In dem gleichlautenden Schreiben an Land und Bund wird die aktuelle Lage im Main-Taunus-Kreis zusammengefasst, verknüpft mit Forderungen des Kreises und der Kommunen an Bund und Land. Unterzeichnet wurde der Appell von Cyriax, Erster Kreisbeigeordneter Madlen Overdick, Kreisbeigeordnetem Johannes Baron, außerdem von Bürgermeisterin Eva Söllner (Liederbach) und sämtlichen Bürgermeistern der kreisangehörigen Kommunen.

Die Inhalte wurden aktuell auch in einem Gespräch von Cyriax und Overdick mit den Bürgermeistern Klaus Schindling (Hattersheim), Dirk Westedt (Hochheim), Dr.

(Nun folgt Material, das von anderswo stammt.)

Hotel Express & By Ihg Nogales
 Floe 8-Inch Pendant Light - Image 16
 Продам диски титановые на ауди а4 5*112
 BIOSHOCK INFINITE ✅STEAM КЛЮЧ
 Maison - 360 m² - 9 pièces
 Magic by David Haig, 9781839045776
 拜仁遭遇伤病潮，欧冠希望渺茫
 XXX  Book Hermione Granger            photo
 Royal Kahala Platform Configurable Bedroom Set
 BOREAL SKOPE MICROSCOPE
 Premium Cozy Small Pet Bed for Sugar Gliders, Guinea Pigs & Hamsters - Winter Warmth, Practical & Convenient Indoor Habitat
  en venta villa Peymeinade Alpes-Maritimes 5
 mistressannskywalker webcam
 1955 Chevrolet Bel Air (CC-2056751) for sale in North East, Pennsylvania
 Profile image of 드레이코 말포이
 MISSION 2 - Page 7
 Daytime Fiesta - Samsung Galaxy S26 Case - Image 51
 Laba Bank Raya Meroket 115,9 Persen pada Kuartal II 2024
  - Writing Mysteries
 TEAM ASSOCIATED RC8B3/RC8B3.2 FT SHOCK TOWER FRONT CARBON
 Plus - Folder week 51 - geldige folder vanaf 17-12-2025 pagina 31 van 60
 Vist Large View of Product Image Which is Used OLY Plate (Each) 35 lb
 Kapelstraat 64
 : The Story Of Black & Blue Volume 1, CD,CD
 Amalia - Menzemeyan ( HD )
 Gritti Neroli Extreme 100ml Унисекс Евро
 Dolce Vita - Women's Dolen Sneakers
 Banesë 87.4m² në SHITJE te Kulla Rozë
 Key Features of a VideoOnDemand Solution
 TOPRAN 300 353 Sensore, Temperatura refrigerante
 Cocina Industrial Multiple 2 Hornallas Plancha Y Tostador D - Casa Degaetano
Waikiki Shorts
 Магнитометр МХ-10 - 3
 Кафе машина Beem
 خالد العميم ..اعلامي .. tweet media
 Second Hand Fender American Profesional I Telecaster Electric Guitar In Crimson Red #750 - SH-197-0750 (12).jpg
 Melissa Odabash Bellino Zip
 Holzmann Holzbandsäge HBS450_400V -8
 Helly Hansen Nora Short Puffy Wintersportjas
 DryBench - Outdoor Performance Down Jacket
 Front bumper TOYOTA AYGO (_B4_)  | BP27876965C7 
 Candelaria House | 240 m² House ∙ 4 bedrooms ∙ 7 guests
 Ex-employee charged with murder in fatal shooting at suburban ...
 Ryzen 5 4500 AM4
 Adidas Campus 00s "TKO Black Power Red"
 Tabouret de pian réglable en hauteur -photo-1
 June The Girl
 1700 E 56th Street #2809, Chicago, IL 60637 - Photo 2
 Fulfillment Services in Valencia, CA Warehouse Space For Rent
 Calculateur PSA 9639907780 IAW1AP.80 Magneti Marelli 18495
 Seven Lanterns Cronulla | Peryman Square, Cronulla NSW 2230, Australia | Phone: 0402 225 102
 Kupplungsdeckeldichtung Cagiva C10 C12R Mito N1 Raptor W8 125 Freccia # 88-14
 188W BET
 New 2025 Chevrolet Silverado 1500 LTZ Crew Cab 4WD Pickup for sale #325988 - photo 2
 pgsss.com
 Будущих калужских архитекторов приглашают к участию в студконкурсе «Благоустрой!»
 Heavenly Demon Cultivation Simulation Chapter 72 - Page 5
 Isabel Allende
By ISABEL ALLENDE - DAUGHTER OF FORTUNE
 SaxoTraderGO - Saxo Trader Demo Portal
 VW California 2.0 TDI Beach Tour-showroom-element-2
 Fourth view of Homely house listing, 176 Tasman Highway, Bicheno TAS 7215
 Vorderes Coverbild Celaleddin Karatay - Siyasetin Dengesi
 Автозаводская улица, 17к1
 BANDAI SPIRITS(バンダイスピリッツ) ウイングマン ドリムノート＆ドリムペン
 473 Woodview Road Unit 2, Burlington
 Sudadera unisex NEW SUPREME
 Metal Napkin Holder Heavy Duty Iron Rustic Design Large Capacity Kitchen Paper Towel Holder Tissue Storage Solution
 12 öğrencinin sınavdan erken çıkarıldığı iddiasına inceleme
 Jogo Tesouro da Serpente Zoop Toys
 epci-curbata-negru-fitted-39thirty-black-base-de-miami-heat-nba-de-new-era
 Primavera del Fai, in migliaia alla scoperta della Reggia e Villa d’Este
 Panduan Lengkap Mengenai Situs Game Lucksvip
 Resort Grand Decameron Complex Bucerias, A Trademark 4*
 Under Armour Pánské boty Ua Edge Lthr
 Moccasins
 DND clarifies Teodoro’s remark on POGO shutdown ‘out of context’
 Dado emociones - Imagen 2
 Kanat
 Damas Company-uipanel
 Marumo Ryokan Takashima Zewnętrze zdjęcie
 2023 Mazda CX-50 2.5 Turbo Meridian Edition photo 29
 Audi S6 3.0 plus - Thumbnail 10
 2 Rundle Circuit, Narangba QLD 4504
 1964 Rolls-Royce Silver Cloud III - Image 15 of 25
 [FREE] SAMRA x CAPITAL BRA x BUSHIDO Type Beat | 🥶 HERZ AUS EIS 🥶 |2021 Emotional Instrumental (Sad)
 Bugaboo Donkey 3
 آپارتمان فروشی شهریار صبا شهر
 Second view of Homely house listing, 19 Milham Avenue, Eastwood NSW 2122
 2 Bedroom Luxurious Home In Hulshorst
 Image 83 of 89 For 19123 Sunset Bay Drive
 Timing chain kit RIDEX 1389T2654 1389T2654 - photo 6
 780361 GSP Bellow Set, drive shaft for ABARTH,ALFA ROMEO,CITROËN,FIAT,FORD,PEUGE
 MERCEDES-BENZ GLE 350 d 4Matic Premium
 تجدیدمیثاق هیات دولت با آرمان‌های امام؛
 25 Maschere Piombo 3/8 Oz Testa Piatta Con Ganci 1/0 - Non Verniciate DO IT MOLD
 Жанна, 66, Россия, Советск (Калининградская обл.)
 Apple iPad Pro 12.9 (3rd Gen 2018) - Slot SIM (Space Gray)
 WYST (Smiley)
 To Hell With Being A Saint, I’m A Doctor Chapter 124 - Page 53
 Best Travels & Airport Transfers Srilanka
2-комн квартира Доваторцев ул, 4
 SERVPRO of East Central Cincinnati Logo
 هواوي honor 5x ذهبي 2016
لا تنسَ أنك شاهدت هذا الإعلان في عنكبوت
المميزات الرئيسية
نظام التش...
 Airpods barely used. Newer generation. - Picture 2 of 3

Frank Blasch (Bad Soden), Alexander Immisch (Schwalbach) und Albrecht Kündiger (Kelkheim) bekräftigt. „Eine ernstzunehmende Integrationsarbeit ist bei den aktuellen Zuzugszahlen kaum noch möglich“, warnt Overdick. „Das schrumpfende Wohnungsangebot gerät durch den Zuzug noch weiter unter Druck“, erläutert Westedt. Blasch würdigt die Leistung der ehrenamtlichen Flüchtlingshelfer, „aber wir geraten an unsere Grenzen.“ „Das Land darf uns nicht alleine lassen – sowohl bei der Unterbringung als auch der Integration“, fasst Kündiger zusammen. „Das ist für Schwalbach eine unglaubliche Herausforderung, da wir in Hessen die am drittdichtesten besiedelte Stadt sind“, erläutert Immisch. Es werde ein „politisches Problem auf den Rücken der Kommunen abgewälzt“, so Schindling. Hattersheim jedenfalls werde keine Sporthalle schließen, um Flüchtlinge dort unterzubringen.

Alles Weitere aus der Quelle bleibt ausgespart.